What to work on:
Give back exactly the lines that start at the one containing "iSpeak_Twice's tweet image." and run to the end of the material, leaving out the pictures.

==================================================

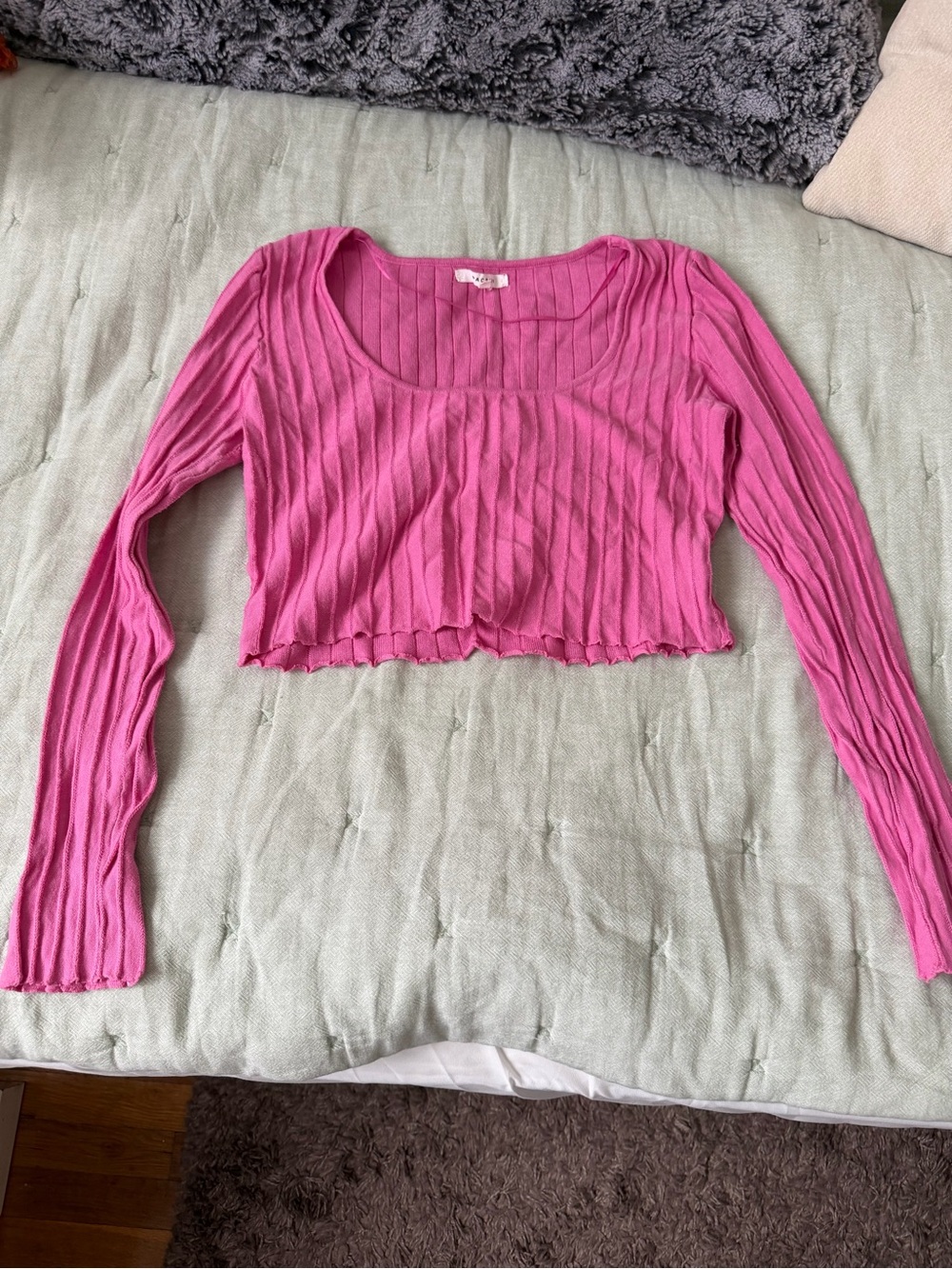 PacSun Hot Pink Ribbed Long-Sleeve Cropped Top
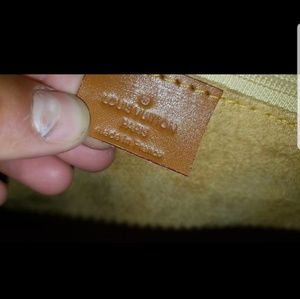 Meet your Posher, Julian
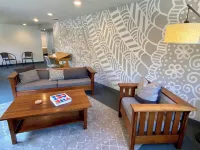 1-bedroom apartment with AC, WiFi walking distance to downtown Penn Yan Hotels in Penn Yan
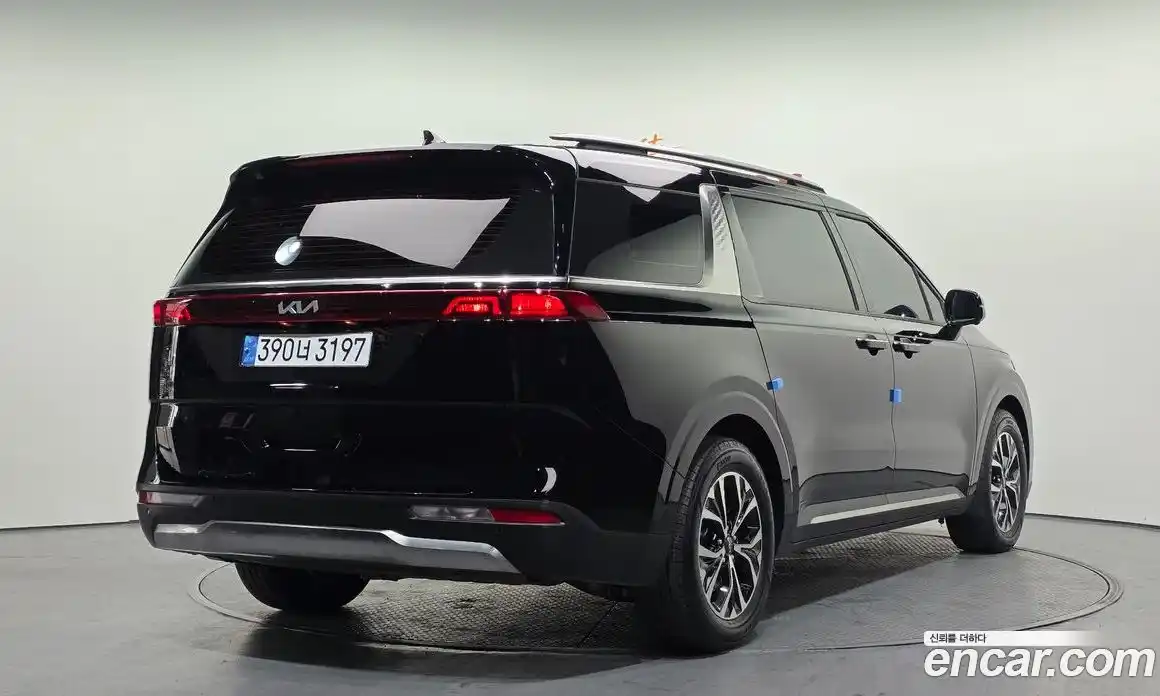 Kia Canival 2023 2.2 Автомат в Москве № 122133, фото 19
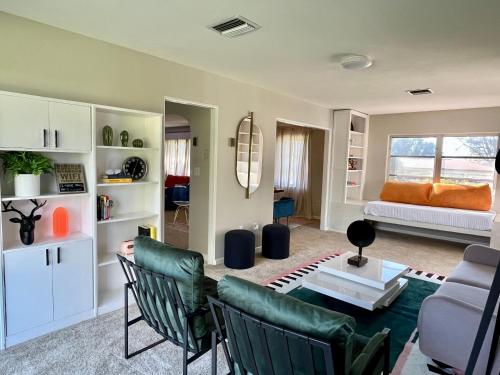 uma sala de estar com cadeiras verdes e um sofá em Perfect Fun House to Visit Theme Parks em Lake Alfred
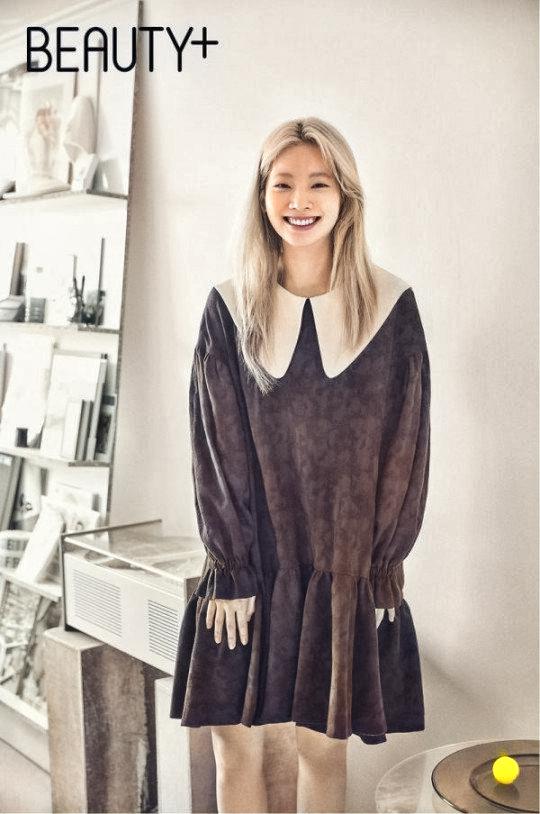 iSpeak_Twice's tweet image. Blonde girl in Dress... 
taken circa 1930s
#DAHYUN #Colorizing
#MAMAVOTE #TWICE @JYPETWICE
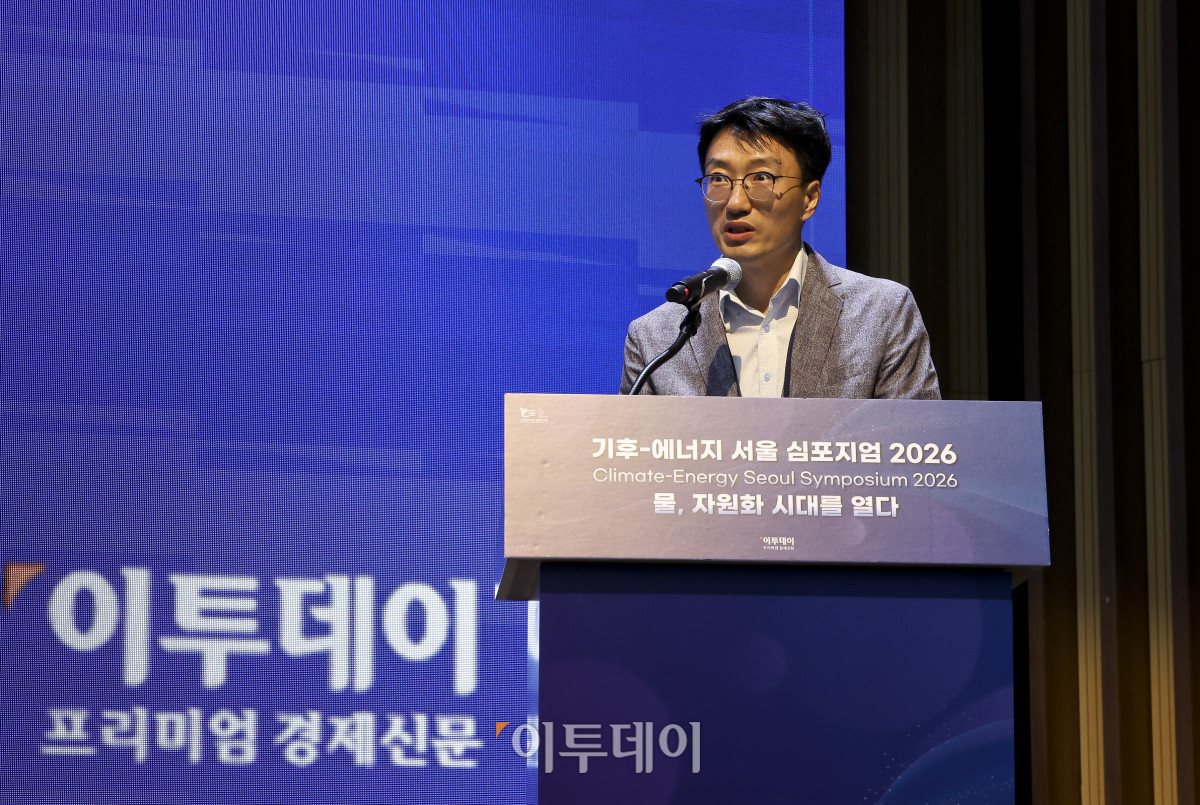 ▲박성오 한국수자원공사 수자원운영처 전력계획부장이 17일 서울 강남구 ST센터에서 열린 ‘기후-에너지 서울 심포지엄(CESS) 2026’에서 ‘청정에너지원으로서의 물: 수력-양수발전의 현실 적용’을 주제로 주제발표를 하고 있다. ‘물, 자원화 시대를 열다’를 주제로 이투데이와 한국물포럼이 주관한 CESS(Climate Change-Energy Seoul Symposium)2026은 기후변화-에너지 프레임의 중심에 ‘물’을 놓고 가치의 재정의와 자원화 관점에서 물 산업의 오늘과 내일을 조망하는 자리다. 고성준 기자 joonko1@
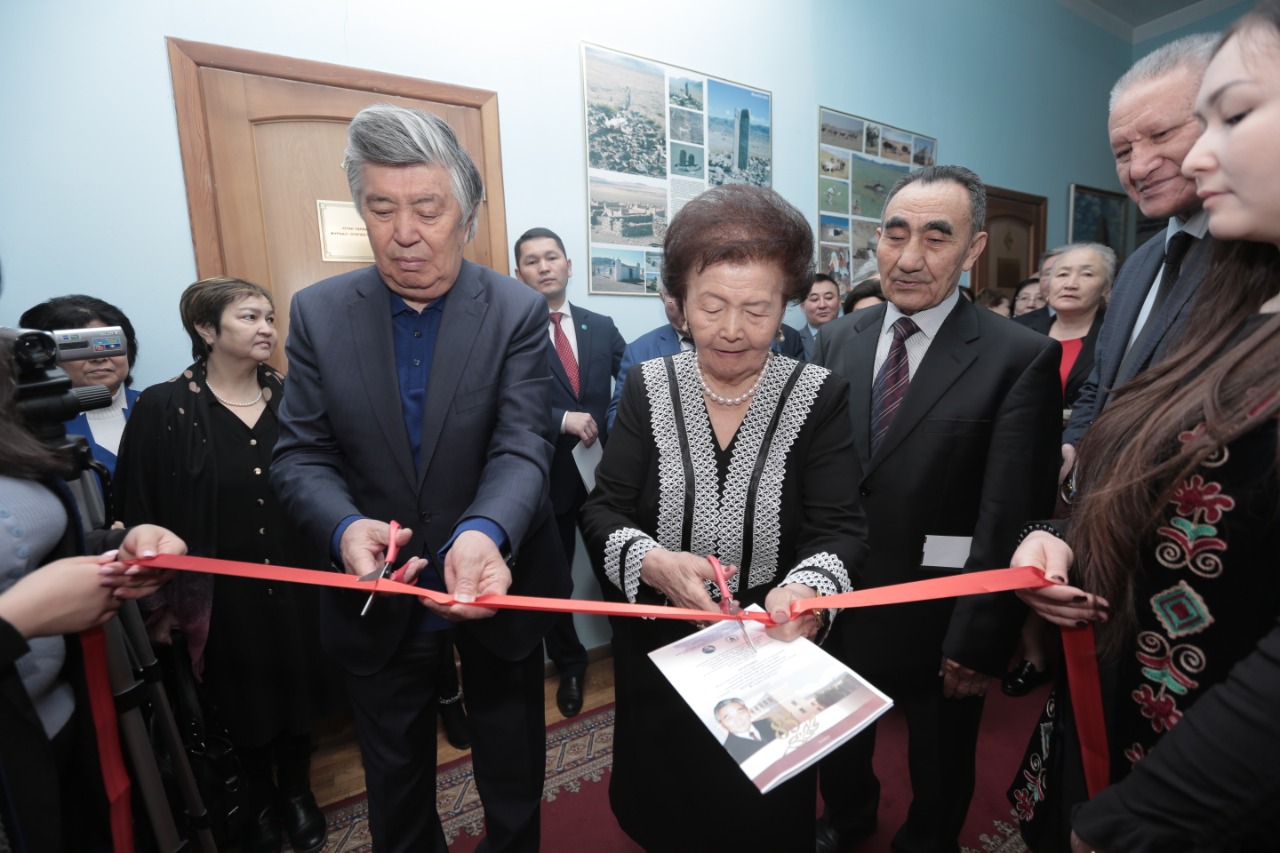 «اكادەميك كەڭەس نۇرپەيىس جانە قازاق مەملەكەتتىلىگىنىڭ جاڭعىرۋ تاريحى» عىلىمي-تاجىريبەلىك كونفەرەنتسياسى ءوتتى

==================================================

Written answer:
 iSpeak_Twice's tweet image. Blonde girl in Dress... 
taken circa 1930s
#DAHYUN #Colorizing
#MAMAVOTE #TWICE @JYPETWICE
 ▲박성오 한국수자원공사 수자원운영처 전력계획부장이 17일 서울 강남구 ST센터에서 열린 ‘기후-에너지 서울 심포지엄(CESS) 2026’에서 ‘청정에너지원으로서의 물: 수력-양수발전의 현실 적용’을 주제로 주제발표를 하고 있다. ‘물, 자원화 시대를 열다’를 주제로 이투데이와 한국물포럼이 주관한 CESS(Climate Change-Energy Seoul Symposium)2026은 기후변화-에너지 프레임의 중심에 ‘물’을 놓고 가치의 재정의와 자원화 관점에서 물 산업의 오늘과 내일을 조망하는 자리다. 고성준 기자 joonko1@
 «اكادەميك كەڭەس نۇرپەيىس جانە قازاق مەملەكەتتىلىگىنىڭ جاڭعىرۋ تاريحى» عىلىمي-تاجىريبەلىك كونفەرەنتسياسى ءوتتى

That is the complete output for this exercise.